Teknoloji
Bitcoin’in Kodunu Değiştirmeye Yönelik Çevreci Kampanyanın Sırrı
Kampanyayı düzenleyenler birkaç güçlü şirketi ve insanı ikna ettiklerinde Bitcoin’in temellerini değiştirebileceklerini düşünüyorlar.
4 Haziran 2022 18:01
Güncellenme: 4 Haziran 2022 18:03
Çevreci gruplar Mart ayında Bitcoin’in kodunu iş ispatı (PoW) temelli yapıdan çıkarmaya yönelik bir kampanya düzenlediklerinde birçok bitcoin’ci bunun boşa kürek çekmek olduğunu düşünüyordu.

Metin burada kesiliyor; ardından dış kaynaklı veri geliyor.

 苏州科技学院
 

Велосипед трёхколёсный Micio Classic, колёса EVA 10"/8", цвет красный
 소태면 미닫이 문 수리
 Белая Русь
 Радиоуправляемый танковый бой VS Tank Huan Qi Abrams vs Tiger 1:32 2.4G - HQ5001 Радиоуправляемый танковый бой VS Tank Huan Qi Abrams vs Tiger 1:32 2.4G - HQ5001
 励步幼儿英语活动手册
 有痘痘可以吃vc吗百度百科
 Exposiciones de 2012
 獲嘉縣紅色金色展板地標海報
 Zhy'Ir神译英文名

PoW yaklaşımının çevreci aktivistlerin iddia ettikleri kadar çevreye zararlı olup olmadığı tartışılmalarını bir kenara bırakalım, birçok kripto uzmanı bu stratejinin işe yarayacağından emin değildi.
Kampanyayı organize edenlere göre kampanyanın stratejisi değişim yaratabilecek veya kritik sayıda insanı harekete geçirebilecek birkaç güçlü oyuncuyu ikna etmeye dayanıyordu.

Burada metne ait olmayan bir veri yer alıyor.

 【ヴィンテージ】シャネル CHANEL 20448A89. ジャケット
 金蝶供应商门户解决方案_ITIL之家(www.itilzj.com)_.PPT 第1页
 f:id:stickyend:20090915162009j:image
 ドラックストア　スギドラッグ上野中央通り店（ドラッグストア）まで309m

Bazı tecrübeli kişilerin görüşlerine göre bu plan Bitcoin’in geçmişine bakılmadan yapılmıştı. 2015-2017 dönemindeki blok boyutu savaşları ve SegWit güncellemesi olaylarında bir teklif kabul görürken diğeri büyük şirketlerin desteğini almasına karşın insanların muhalefetiyle karşılamış ve hayata geçememişti.
“İklimi değil kodu değiştir” kampanyasının yaratıcıları bu tarihsel sürecin farkında olduklarını ve aslında bunun değişimi cesaretlendiren bir tablo sergilediğini söylüyorlar.
Bitcoin tarihini anlamak
Kampanyaya öncülük eden gruplardan biri olan Environmental Working Group (EWG) kamu ilişkileri yöneticisi Faber blok boyutu savaşları ve SegWit güncellemesi değişimlerin gerçekleştirilebileceğine dair bir ispat noktası oluşturuyor. Bu değişimler “sert çatallanma mı yumuşak çatallanma mı” olacak henüz belli olmasa da “Bitcoin topluluğu içerisinde bunların yapılabileceğine dair genel bir konsensüs söz konusu.”

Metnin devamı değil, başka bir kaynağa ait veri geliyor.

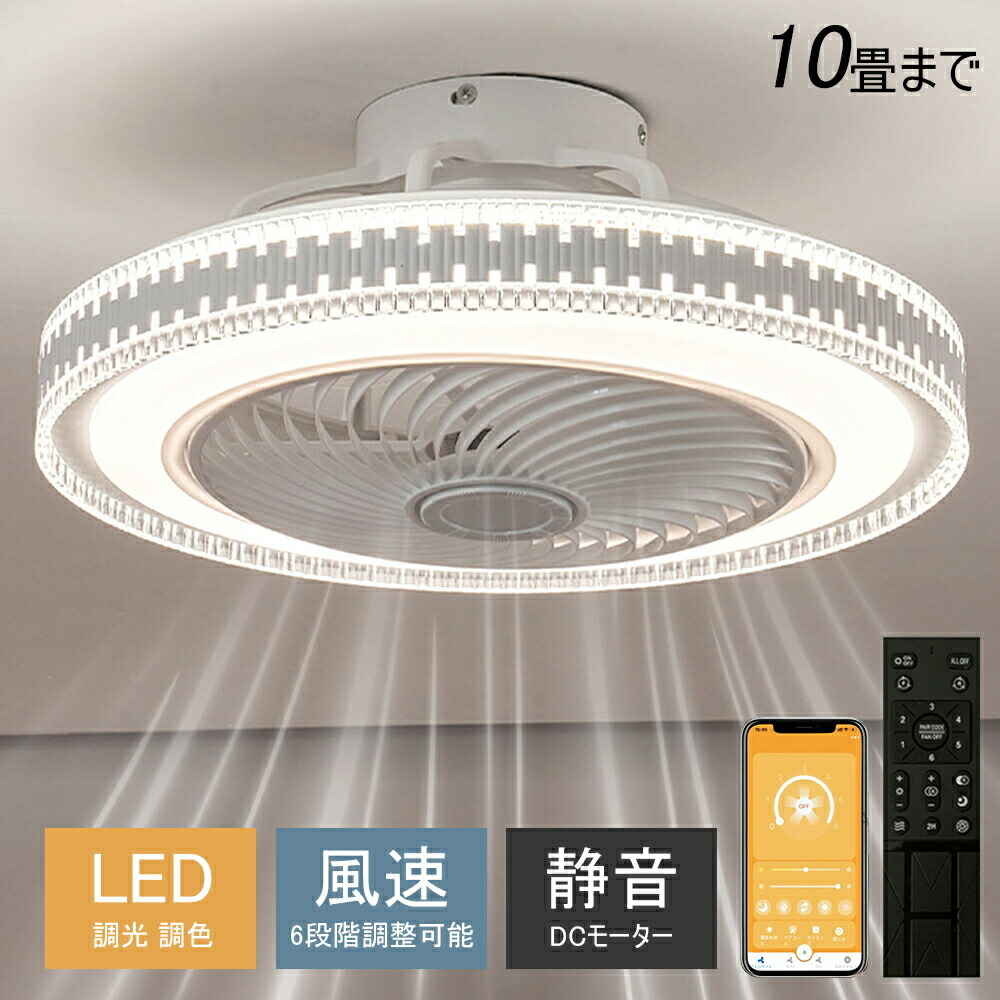 シーリングファン シーリングライト ペンダントライト DC シーリングファン おしゃれ 軽量 薄型 ファン付き LED 扇風機 調光調色 北欧 リモコン スマホ 寝室 部屋 省エネ リビング プ洋風 省エネ Bluetooth対応 照明器具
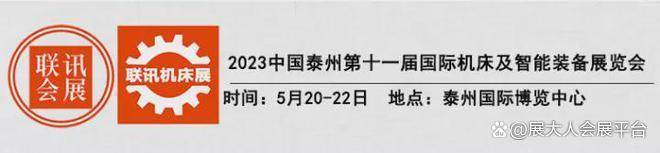 雷泽体育官网保藏｜2023年天下机床展排期表为您送上！(图28)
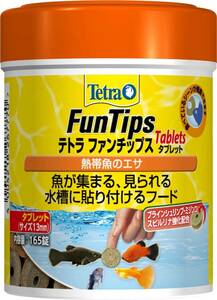 送料無料　　　テトラ (Tetra)　 テトラ ファンチップス 水槽に貼り付けるフード 165錠 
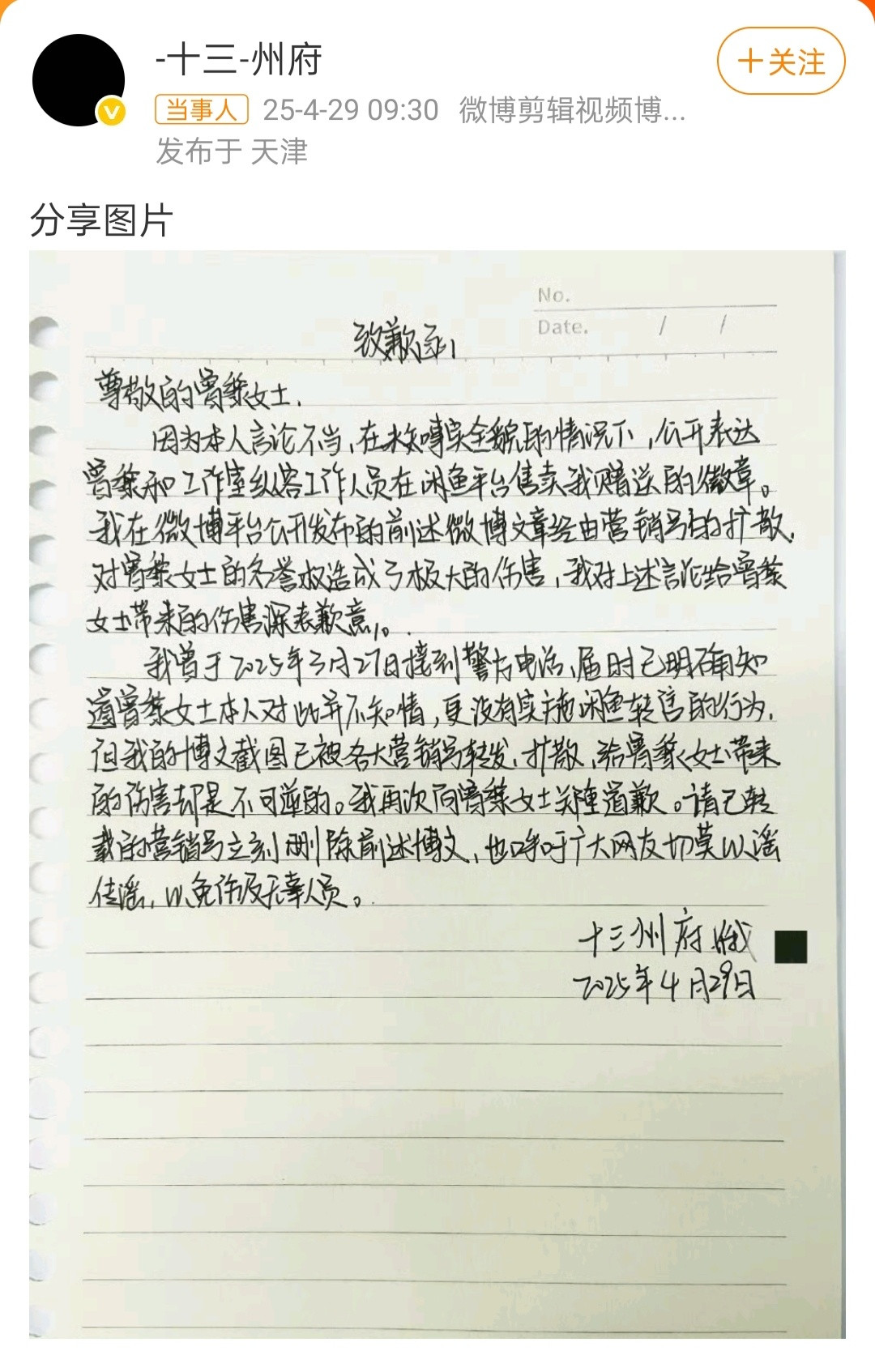 粉丝送的礼物被内部员工倒卖，粉丝在网上叫屈，结果曾黎工作室还要粉丝道歉。最离谱的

Rolf Skar, kampanyanın bir parçası olan ABD merkezli çevre koruma organizasyonu olan Greenpeace USA’in özel projeler yöneticisi. Skar’a göre bu ağın değişip değişmeyeceğine dair iki temel soru söz konusu: Öncelikle bu teknik olarak mümkün mü? 2017’deki SegWit güncellemesi “bunu teknik olarak yapmanın mümkün olduğunu açıkça ortaya koyuyor.” Ancak ikinci bir soru daha var: “Önerilen değişim hayata geçirilmesine yetecek kadar bir destek bulacak mı?”
Skar, “Tüm şüpheler bir yana bu desteğin verilmeyeceğine dair iyi bir neden göremiyorum” diyor. “Çözümler, topluluğun önemli sorunlarını giderecek şekilde geliştirilmeli ve test edilmeli. Etkin çözümler geliştirilmezse yeni bir kodun kabul görmesi kolay olmaz. “
Başka sektörlerde çevreci kampanyaların başta anlamsız görüldüğü olmuştu. Örneğin elektrikli kamyonları başta birçok kişi komik bulsa da zamanla satışları artmaya başladı. Kampanyayı düzenleyenlere göre PoW’ün değiştirilmesi de imkânsız görülmemeli.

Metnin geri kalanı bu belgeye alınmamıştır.